AI Evals for AI Enablement Platforms

How platform teams build shared eval infrastructure for reusable AI coding tools that serve multiple teams and diverse codebases.

10 minute read

Platform teams build reusable AI coding tools for multiple teams. Shared eval infrastructure (base configs, grader libraries, rubric templates) eliminates duplication and enforces consistency across the plugin portfolio.

Reference implementation: The dev-plugins repository demonstrates these patterns with Promptfoo, Claude Code, and custom graders.

What is an AI Enablement Platform

An AI enablement platform is the team that builds reusable AI coding tools (prompts, agents, plugins, skills) for multiple teams in an organization. Instead of every team writing their own code review agent or scaffolding command, the platform team builds these once and distributes them.

The platform challenge: your tools must work across diverse codebases with different languages, frameworks, and coding conventions. You cannot manually test against every consumer’s codebase. You cannot rely on consumer teams to report regressions.
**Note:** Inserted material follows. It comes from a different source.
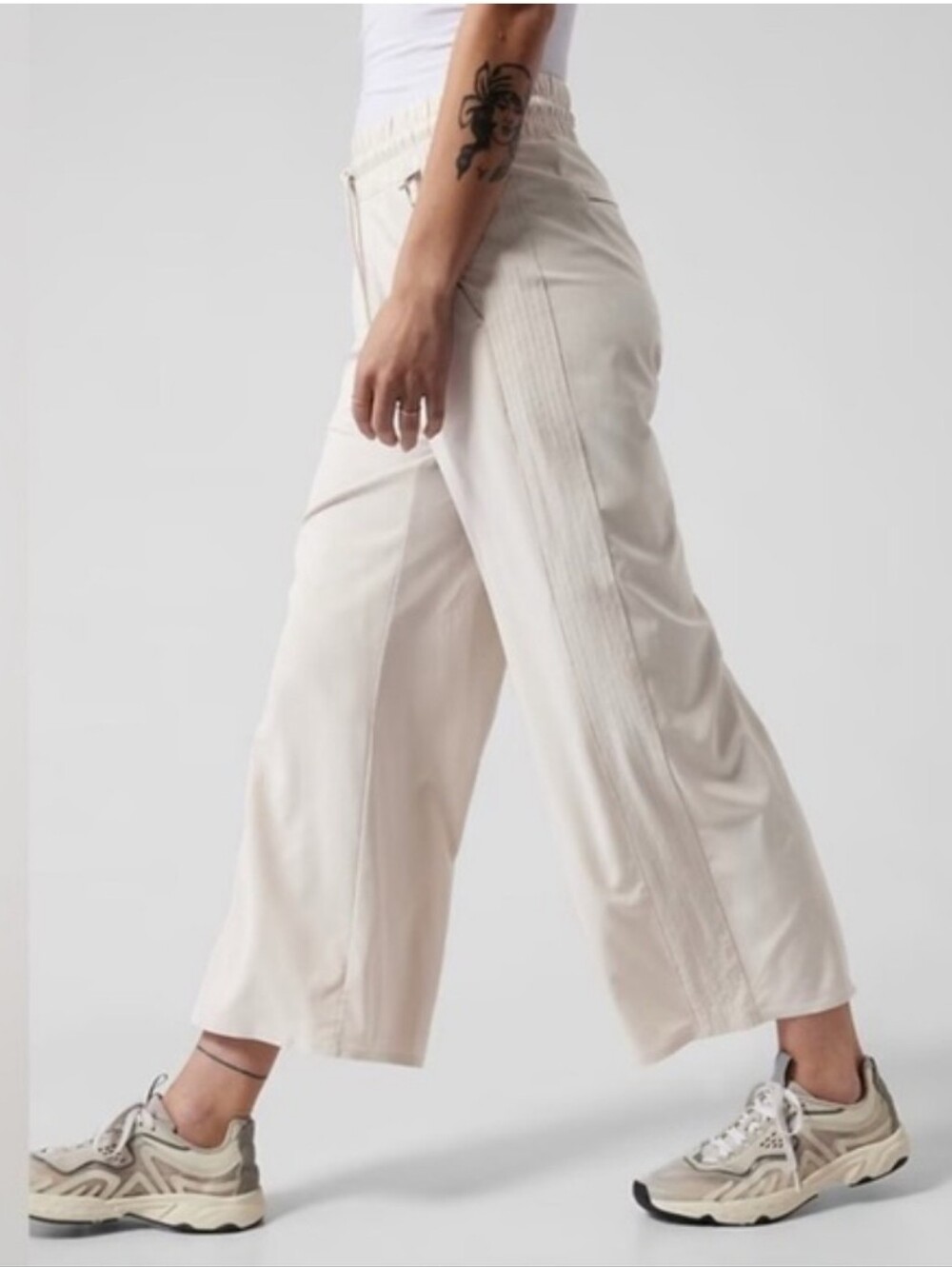 Athleta Avenue Wide Leg cropped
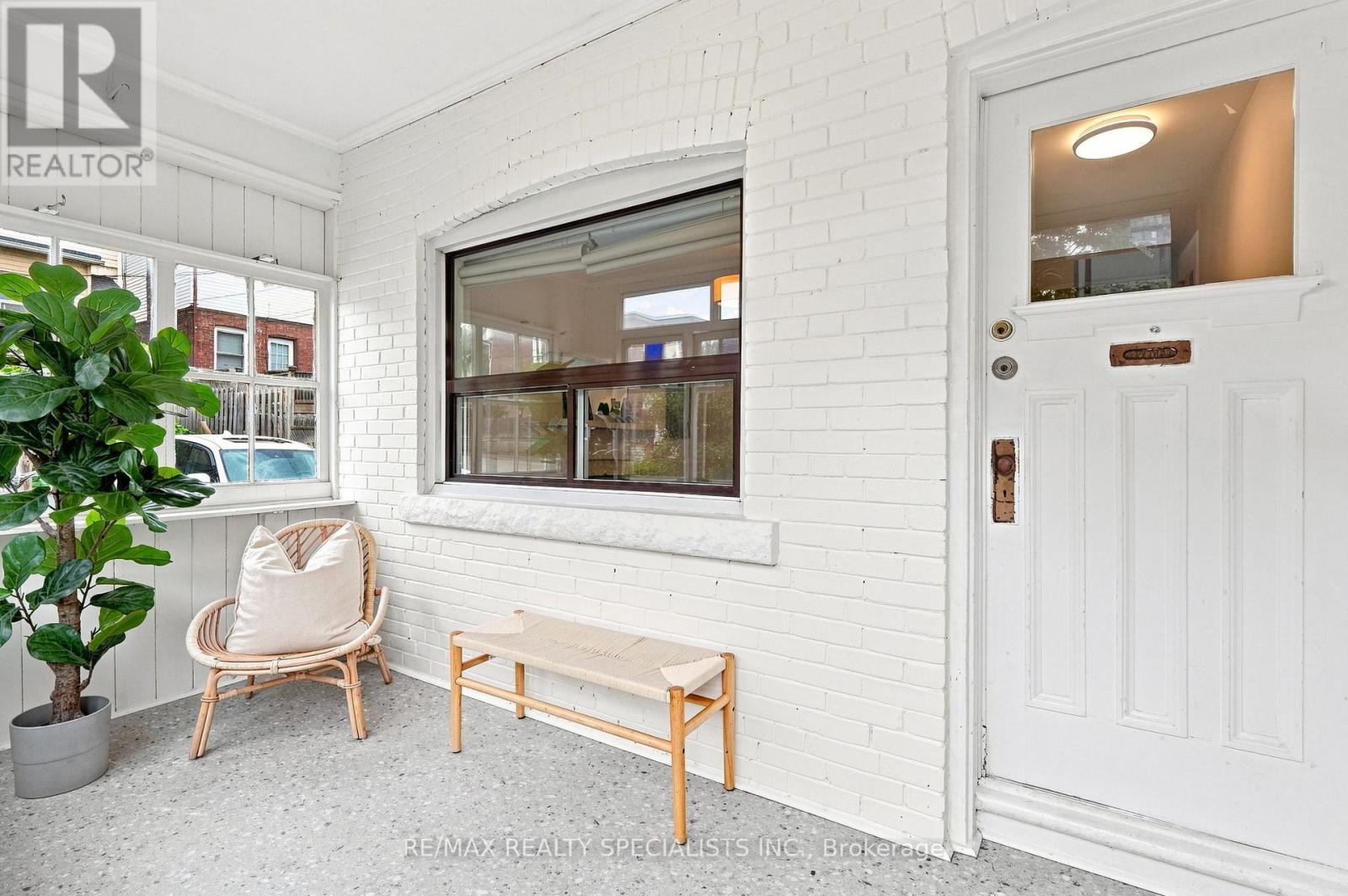 21 Mendel Avenue, Toronto, Ontario  M4C 1E6 - Photo 3 - E13718124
The eval challenge compounds this: each tool in your portfolio needs its own eval suite, and those suites share common infrastructure. Without shared eval patterns, you duplicate graders, rubrics, and fixture conventions across every plugin.

Multi-Plugin Eval Architecture

The dev-plugins reference implementation demonstrates a monorepo structure that separates shipping artifacts from eval infrastructure. This example uses Claude Code plugins, but the same pattern applies to any collection of reusable AI tools:

plugins/frontend-dev/          # Ships to users
  .claude-plugin/plugin.json
  commands/*.md
  agents/*.md
  skills/*/SKILL.md

plugins/ai-readiness/          # Ships to users
  .claude-plugin/plugin.json
  commands/*.md
  agents/*.md
  skills/*/SKILL.md

evals/frontend-dev/            # Stays in repo
  promptfooconfig.yaml
  suites/                      # 5 positive + 3 negative suites
  graders/{deterministic,transcript,llm-rubrics}/
  fixtures/
  reference-solutions/

evals/ai-readiness/            # Stays in repo
  promptfooconfig.yaml
  suites/                      # 7 positive + 7 negative suites
  graders/{deterministic,transcript,llm-rubrics}/
  fixtures/
  reference-solutions/

eval-infra/                    # Shared across all plugins
  promptfoo-base.yaml
  grader-lib/
  rubric-templates/
  scripts/

Running Evals Across the Portfolio

Run evals for a single plugin or the entire portfolio:

npm run eval:frontend          # One plugin
npm run eval:readiness         # Another plugin
npm run eval:all               # All plugins

The eval-infra/scripts/run-plugin-evals.sh script iterates over a KNOWN_PLUGINS list, running each plugin’s eval suite and aggregating results.

Plugin Validation

Before running evals, validate that a plugin has the required structure:

./eval-infra/scripts/validate-plugin.sh frontend-dev

This checks for required directories, manifest fields, at least one command, at least one eval suite, and proper naming conventions. Validation catches structural problems before they cause confusing eval failures.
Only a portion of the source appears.